Olin Corporation, through its Winchester Division, is recalling twelve (12) lots of its RANGER® 223 Remington 64 Grain Power-Point® (PP) centerfire rifle ammunition (Symbol Number RA223R2).

Lot Numbers (last four characters): DM70, DM80, DM90, DM01, DM11, and DM21

Lot Numbers (last four characters): DK01, DK11, DK21, DK31, DK41, and DK51

Through extensive evaluation Winchester has determined the above lots of RANGER® Law Enforcement ammunition may contain incorrect propellant. Incorrect propellant in this ammunition may cause firearm damage, rendering the firearm inoperable, and subject the shooter or bystanders to a risk of serious personal injury when fired.

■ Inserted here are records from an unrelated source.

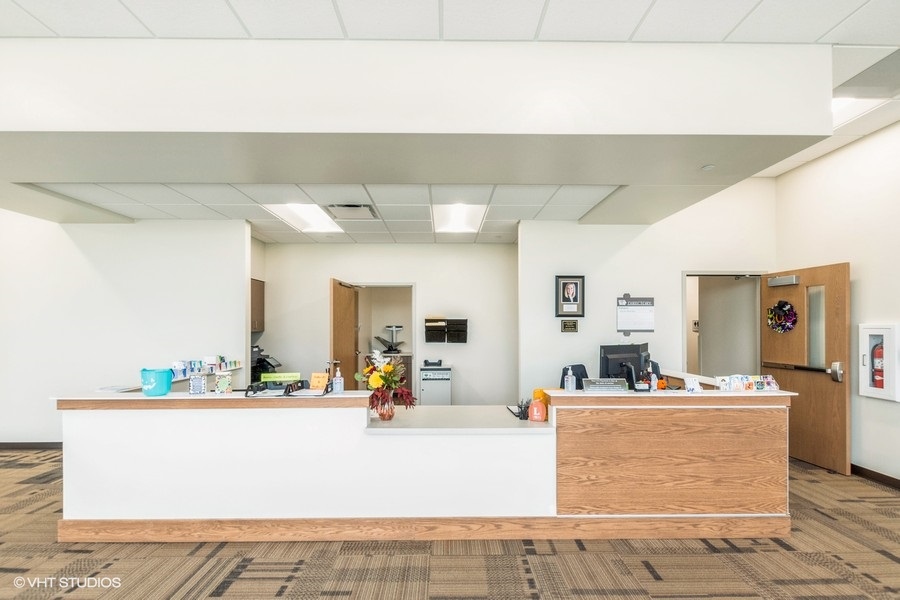 Grimes Clinic Front Desk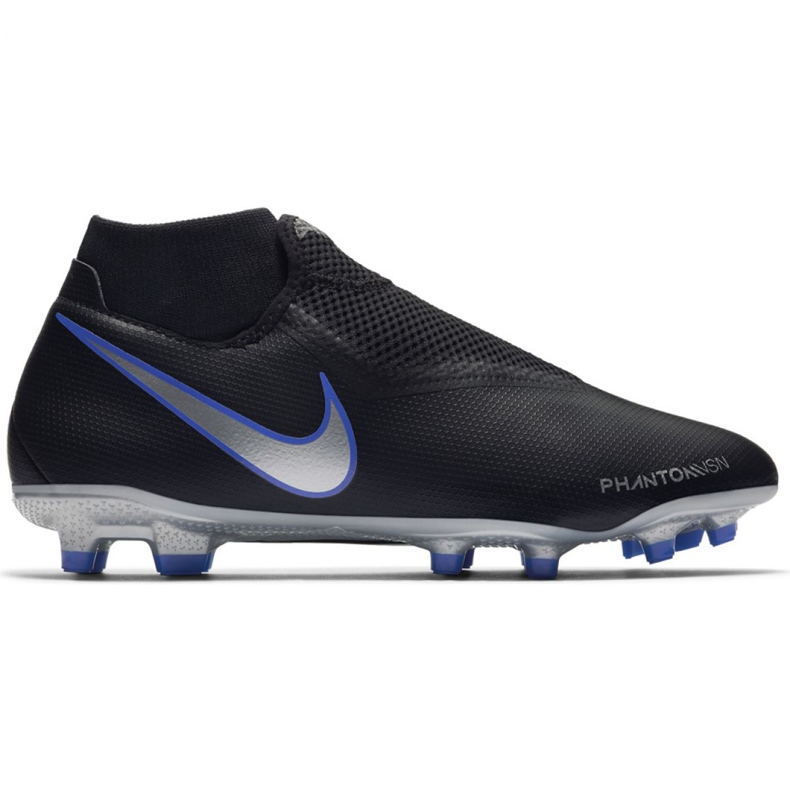 Pantofi de fotbal Nike Phantom Vsn Academy Df M FG / MG AO3258-004 multicolor negru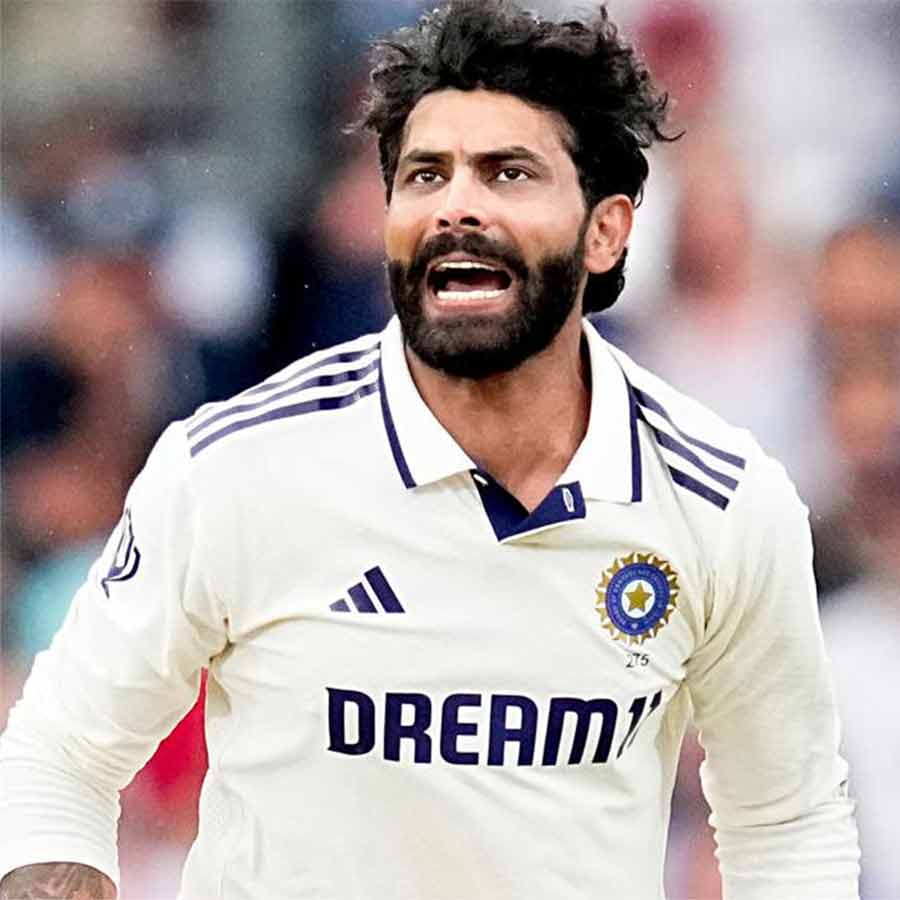 Ravindra Jadeja didn't know he would be the vice-captain in the game against West Indies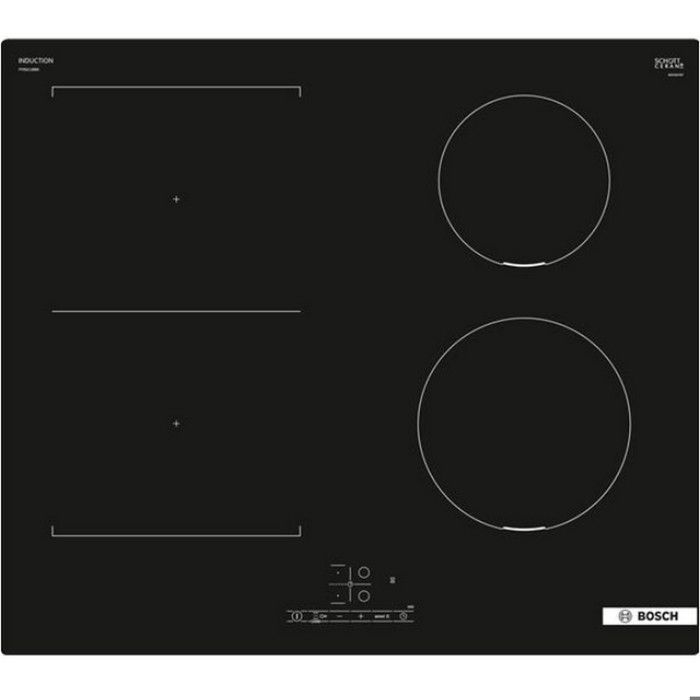 Placa de inducción Bosch pvq611bb6e serie 4, combizone, touchselect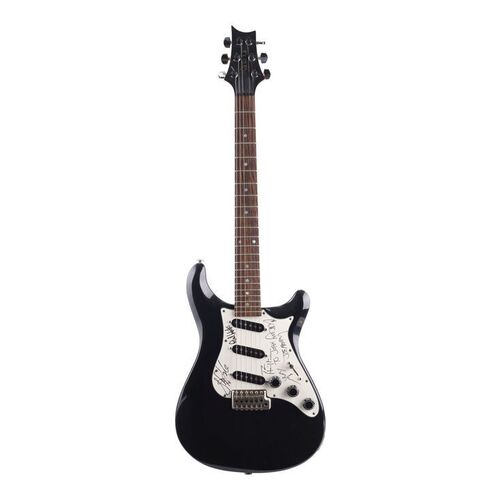 Lot #453: AEROSMITH - Band-autographed Guitar
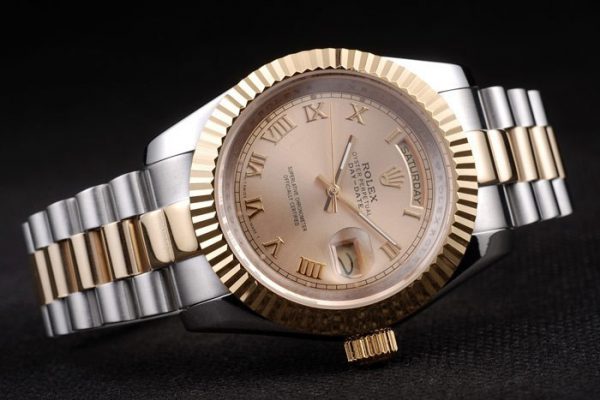 Rolex Day-Date Meilleures Répliques de Montres de Qualité 4811 – Image 7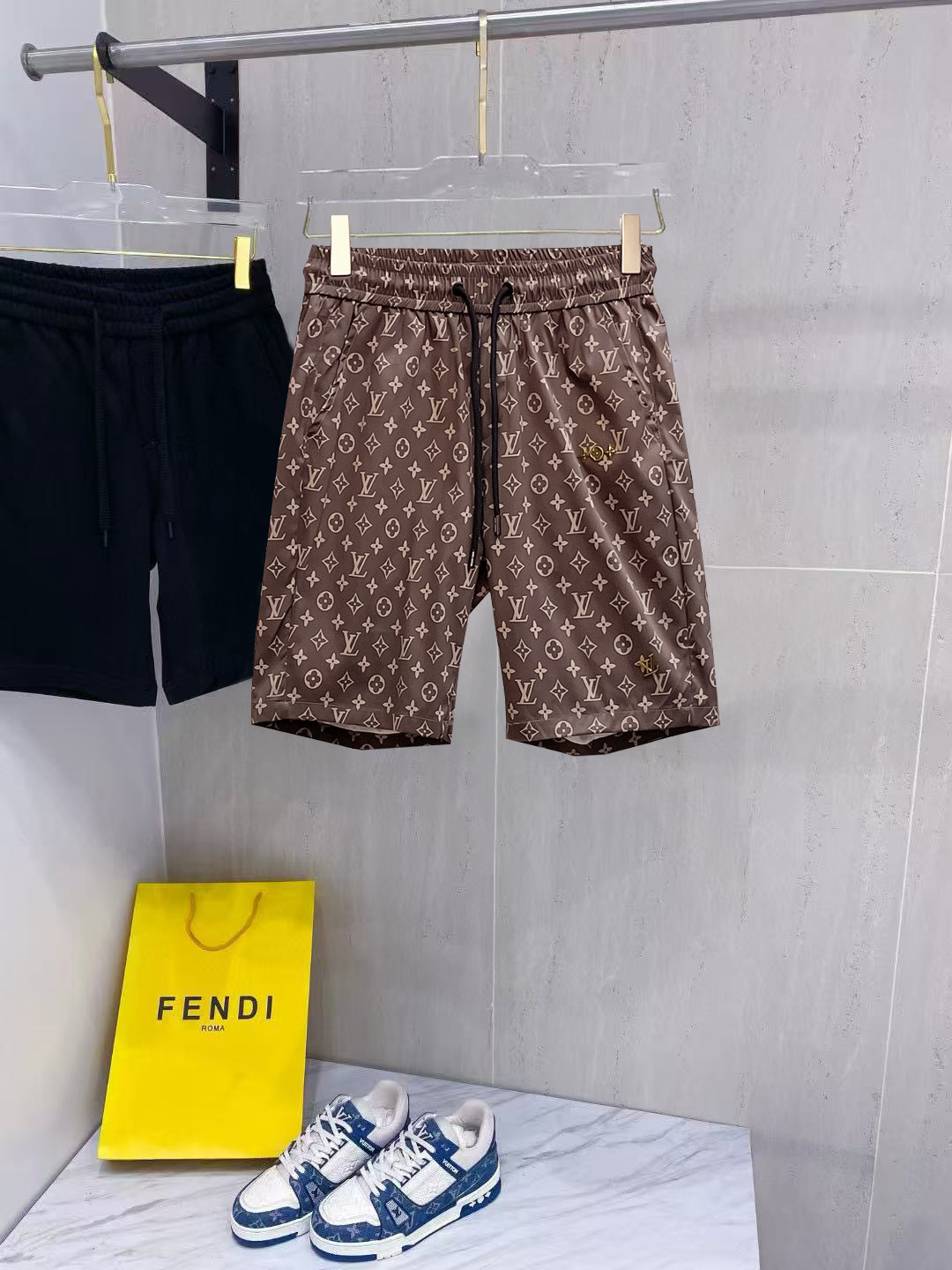 shorts Man
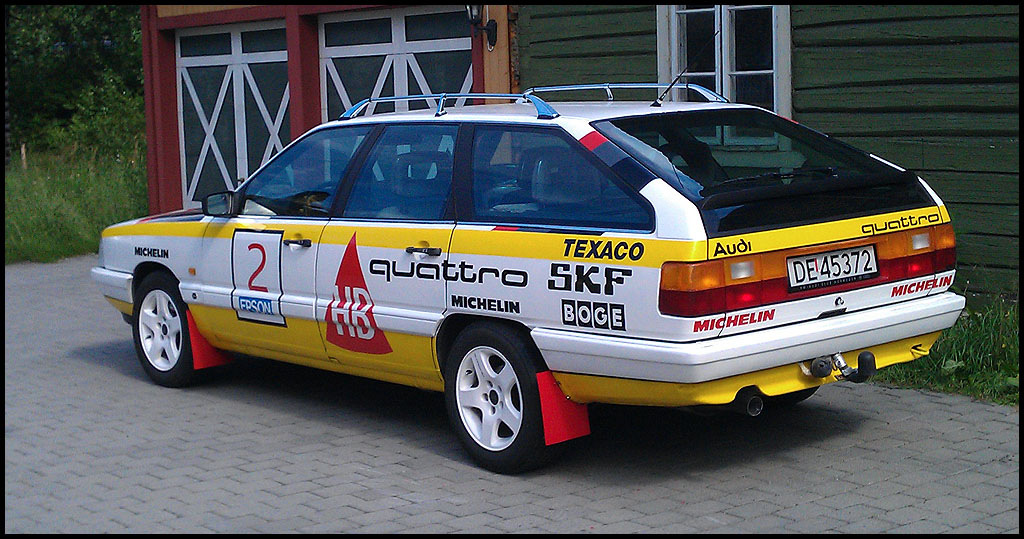 Audi 100 Rally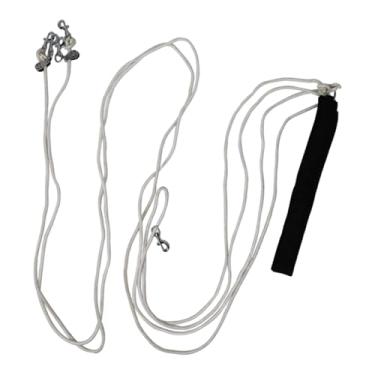 Imagem de IEUDNS Guia de Cavalo com Fixação Rápida para Cabresto, Equipamento Longo para Sela de Cavalo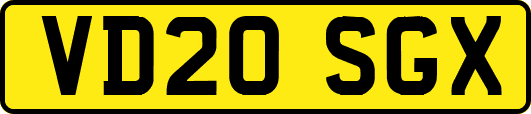 VD20SGX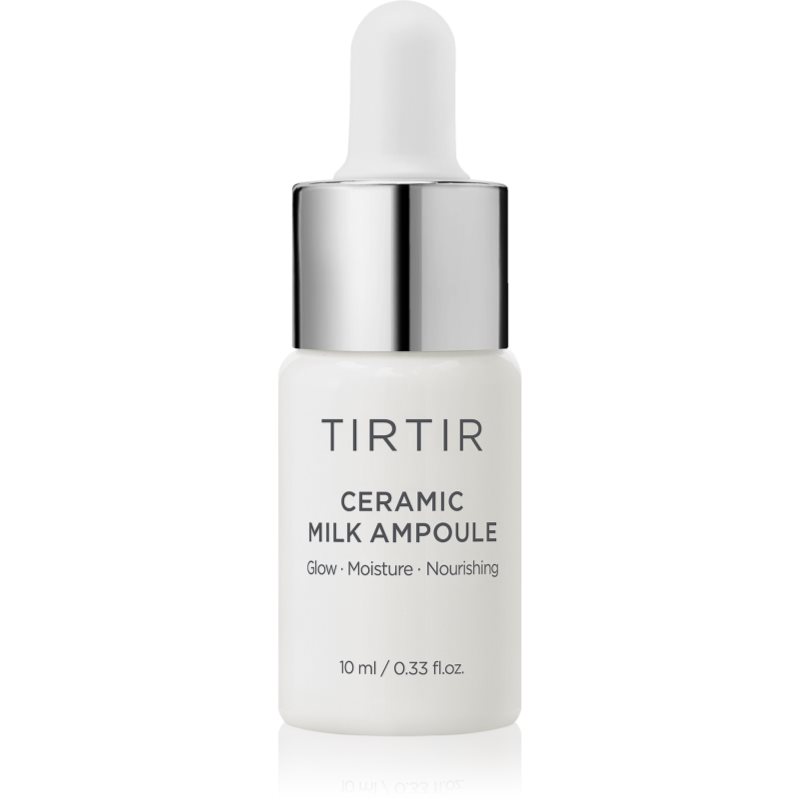 TIRTIR Ceramic Milk Ampoule хидратиращ серум за лице за озаряване на лицето 10 мл.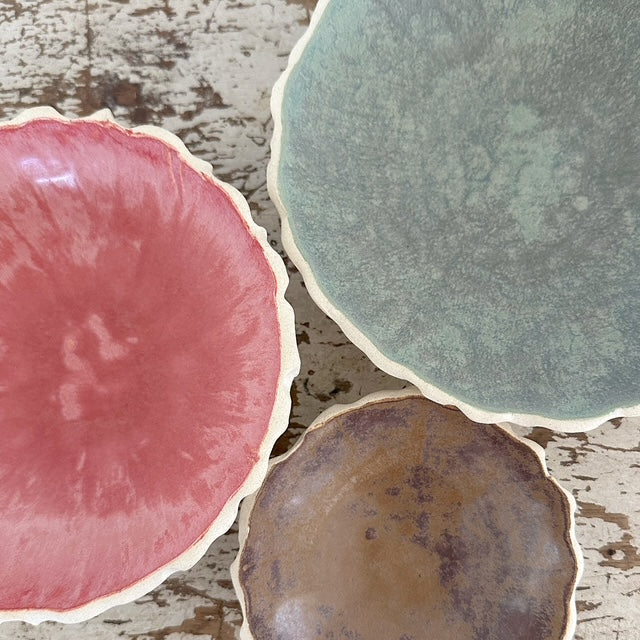Agave Moon Pinched Nesting Bowls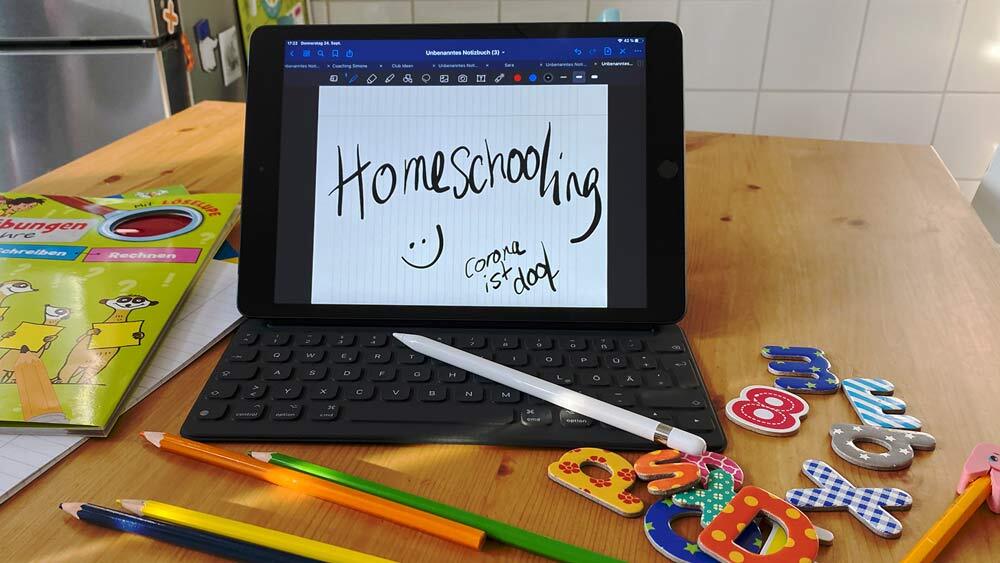 Digitales Lernen: Kann es mit einem Tablet wirklich funktionieren?
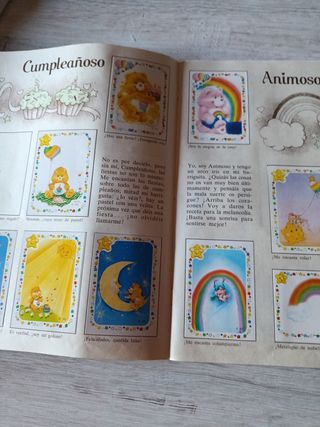 Oferton Álbum de cromos los osos amorosos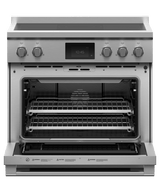 36" Series 9 Professional 5 Zone Induction Self-Cleaning Range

DO NOT USE WINCHESTER® RANGER® 223 REMINGTON 64 GRAIN POWER-POINT® AMMUNITION THAT HAS A LOT NUMBER ENDING IN DK01, DK11, DK21, DK31, DK41, DK51, DM70, DM80, DM90, DM01, DM11 or DM21. The ammunition Lot Number is ink stamped inside the right tuck flap of the 20-round carton, as indicated here:

To determine if your ammunition is subject to this notice, review the Lot Number. If the last four characters of the Lot Number are DK01, DK11, DK21, DK31, DK41, DK51, DM70, DM80, DM90, DM01, DM11 or DM21 immediately discontinue use and contact Winchester toll-free at 866-423-5224 to arrange for replacement ammunition and free UPS pick-up of the recalled ammunition.

This notice applies only to RANGER® 223 Remington 64 Grain Power-Point® centerfire rifle ammunition with lot numbers ending in DK01, DK11, DK21, DK31, DK41, DK51, DM70, DM80, DM90, DM01, DM11 and DM21. Other Symbol Numbers or Lot Numbers are not subject to this recall.

If you have any questions concerning this RANGER® Law Enforcement ammunition recall please call toll-free 866-423-5224, write to Winchester (600 Powder Mill Road, East Alton, IL 62024 Attn: RA223R2 Recall), or visit our website at www.winchester.com.

We apologize for this inconvenience.

WINCHESTER


----------